The governing body manages a budget of about BDKK8.3. The University is organized into six faculties and about 100 departments, the University employs about 5,600 academic staff and 4,400 technical and administrative staff. The total number of enrolled students is about 40,000 annually, UCPH has established an international graduate talent program which provides grants for international Ph. D, students and a tenure track carrier system. UCPH operates about fifty master’s programmes taught in English, and has arranged about 150 exchange agreements with institutions and 800 Erasmus agreements. Each year there are about 1,700 incoming exchange students,2,000 outbound exchange students and 4,000 international degree-seeking students, about 3,000 Ph. D. students study there each year. South Campus – houses the Faculty of Humanities and a proportion of the Faculty of Science. In the winter of 2016–2017, the Faculty of Law and the Faculty of Theology will move to South Campus, frederiksberg Campus – home to sections of the Faculty of Science and the Faculty of Health and Medical Sciences.

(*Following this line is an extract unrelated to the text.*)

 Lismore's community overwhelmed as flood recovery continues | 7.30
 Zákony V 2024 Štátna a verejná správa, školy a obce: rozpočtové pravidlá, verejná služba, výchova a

The Faculty of Health and Medical Sciences and the Faculty of Science use the Taastrup Campus, the Faculty of Science has facilities in Helsingør, Hørsholm and Nødebo. The University of Copenhagen was founded in 1479 and is the oldest university in Denmark, between the closing of the Studium Generale in Lund in 1536 and the establishment of the University of Aarhus in the late 1920s, it was the only university in Denmark. The university became a centre of Roman Catholic theological learning, but had faculties for the study of law, between 1675 and 1788, the university introduced the concept of degree examinations
The vestry was a meeting of the parish ratepayers chaired by the incumbent of the parish, originally held in the parish church or its vestry, from which it got its name. The vestry committees were not established by any law, but they evolved independently in each parish according to local needs from their roots in medieval parochial governance, by the late 17th century they had become, along with the county magistrates, the rulers of rural England. The original unit of settlement among the Anglo-Saxons in England was the tun or town, the inhabitants met to carry out this business in the town moot or meeting, at which they appointed the various officials and the common law would be promulgated. Later with the rise of the shire, the township would send its reeve and four best men to represent it in the courts of the hundred and shire. However, this independence of the Saxon system was lost to the township by the introduction of the feudal manorial Court Leet which replaced the town meeting. The division into ancient parishes was linked to the system, with parishes.
This new meeting was supervised by the parish priest, probably the best educated of the inhabitants, as the complexity of rural society increased, the vestry meetings pragmatically acquired greater responsibilities, and were given the power to grant or deny payments from parish funds. Although the vestry committees were not established by any law, and had come into being in an unregulated ad-hoc process and this was convenient when they were the obvious body for administering the Edwardian and Elizabethan systems for support of the poor on a parochial basis. This was their first, and for centuries their principal. With this gradual formalisation of civil responsibilities, the ecclesiastical parishes acquired a dual nature, the vestry assumed a variety of tasks. It became responsible for appointing officials, such as the parish clerk, overseers of the poor and scavengers, constables. At the high point of their powers, just prior to removal of Poor Law responsibilities in 1834 and this level of activity had resulted in an increasing sophistication of administration.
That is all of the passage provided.